What the task asks:
Locate every line below that contains the word "https" and copy it.

Material provided:
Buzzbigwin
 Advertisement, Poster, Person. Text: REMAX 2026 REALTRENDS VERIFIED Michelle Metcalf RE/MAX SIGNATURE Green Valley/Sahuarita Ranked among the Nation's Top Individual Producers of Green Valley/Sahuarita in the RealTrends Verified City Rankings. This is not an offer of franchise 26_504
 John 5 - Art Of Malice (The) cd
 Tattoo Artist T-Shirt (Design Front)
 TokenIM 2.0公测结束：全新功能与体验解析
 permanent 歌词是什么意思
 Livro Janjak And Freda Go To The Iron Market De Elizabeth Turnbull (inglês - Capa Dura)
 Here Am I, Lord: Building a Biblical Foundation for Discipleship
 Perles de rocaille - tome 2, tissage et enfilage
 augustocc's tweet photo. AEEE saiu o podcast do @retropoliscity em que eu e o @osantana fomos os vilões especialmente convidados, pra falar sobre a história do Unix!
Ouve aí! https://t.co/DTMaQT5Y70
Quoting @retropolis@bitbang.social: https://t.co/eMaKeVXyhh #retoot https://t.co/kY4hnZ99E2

Answer to the exercise:
Ouve aí! https://t.co/DTMaQT5Y70
Quoting @retropolis@bitbang.social: https://t.co/eMaKeVXyhh #retoot https://t.co/kY4hnZ99E2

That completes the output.